What is needed:
Everything in the data must be repeated exactly, apart from the pictures, which are left out.

Recorded data:

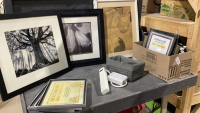 (3) FRAMED PRINTS, FRAMES, HANGING FILE HOLDERS , POWER BARS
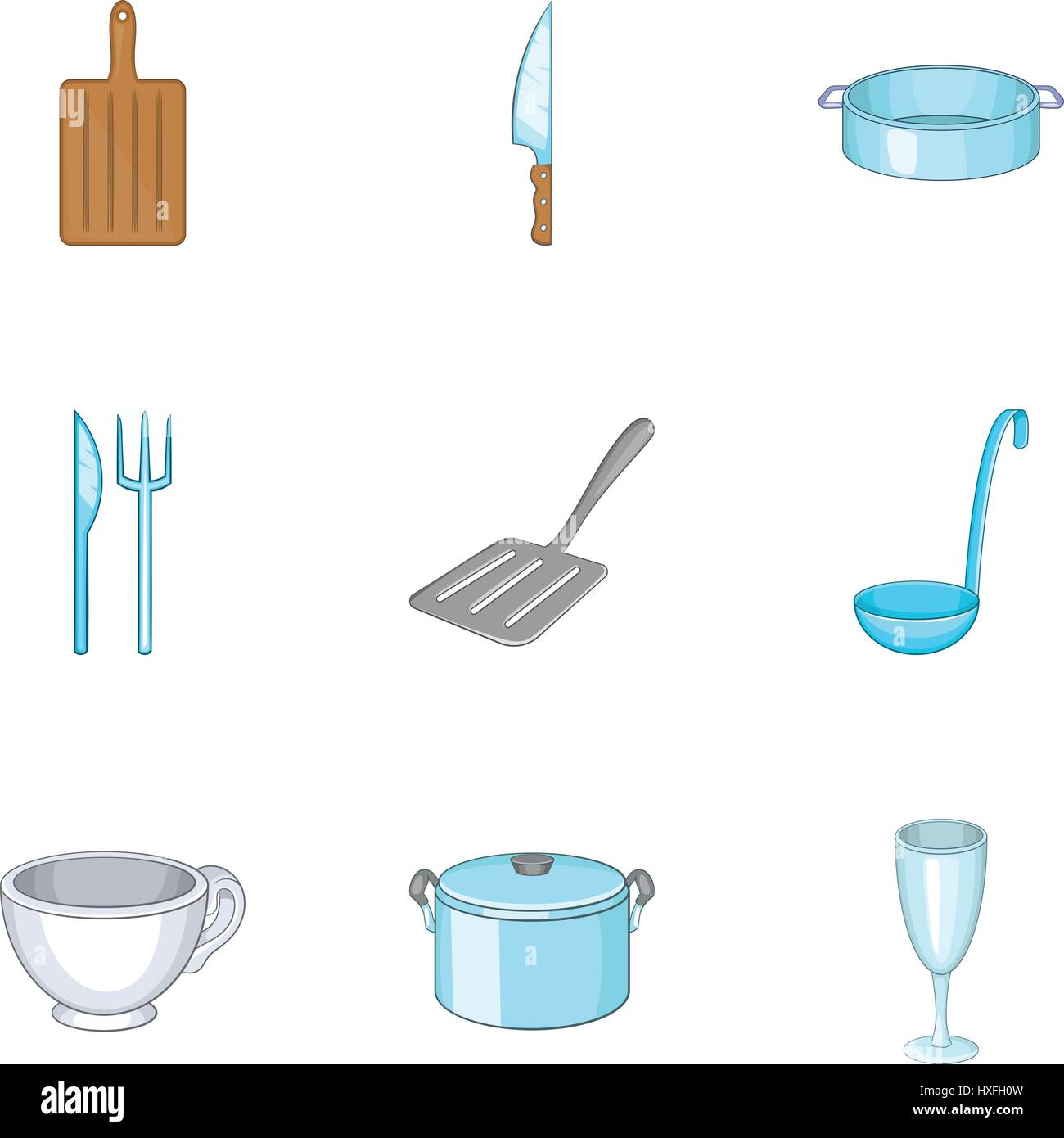 Tableware icons set, cartoon style Stock Vector Image & Art - Alamy
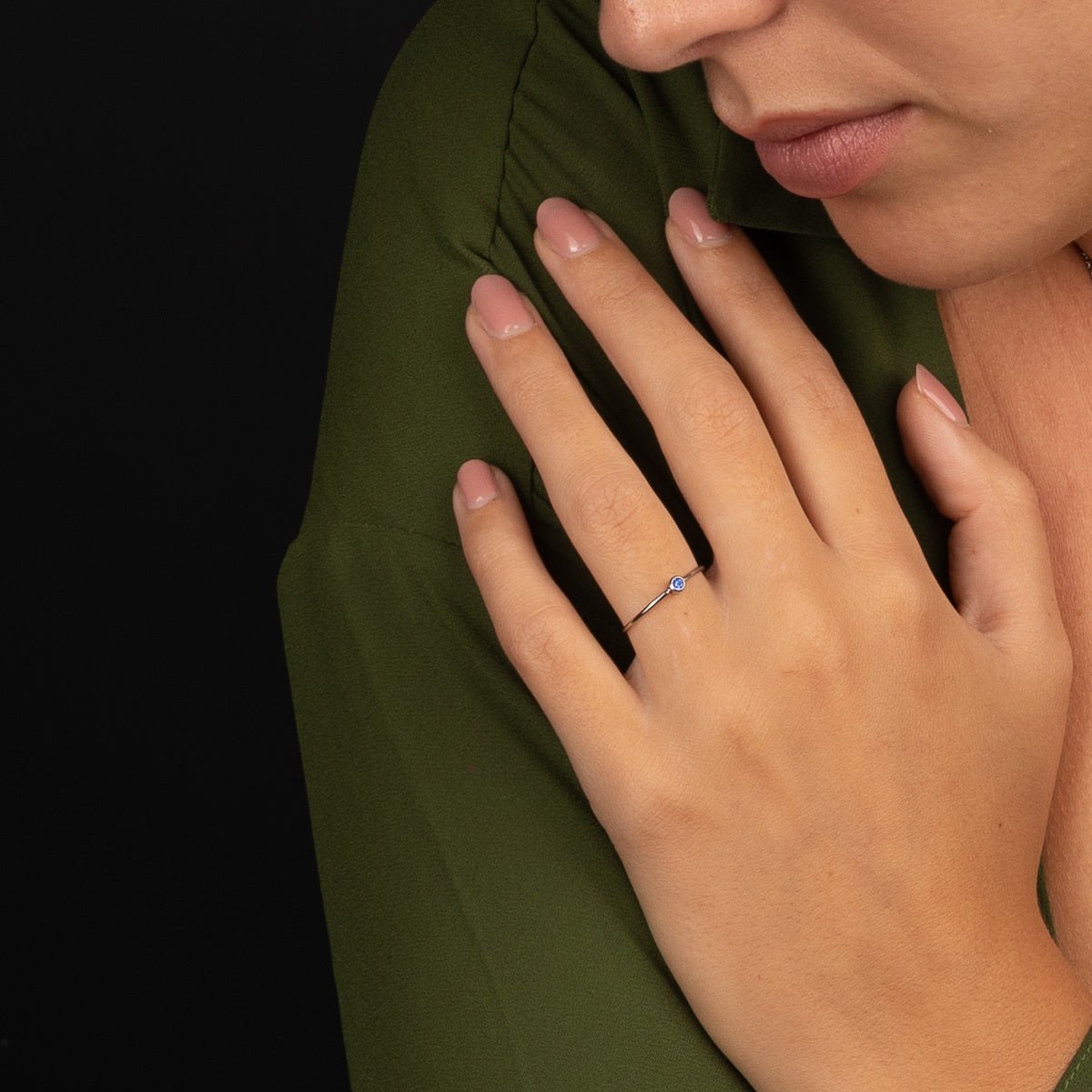 Zilveren aanschuifring - Donker saffier glassteen - Stainless steel - My Bendel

Answer box:
 (3) FRAMED PRINTS, FRAMES, HANGING FILE HOLDERS , POWER BARS
 Tableware icons set, cartoon style Stock Vector Image & Art - Alamy
 Zilveren aanschuifring - Donker saffier glassteen - Stainless steel - My Bendel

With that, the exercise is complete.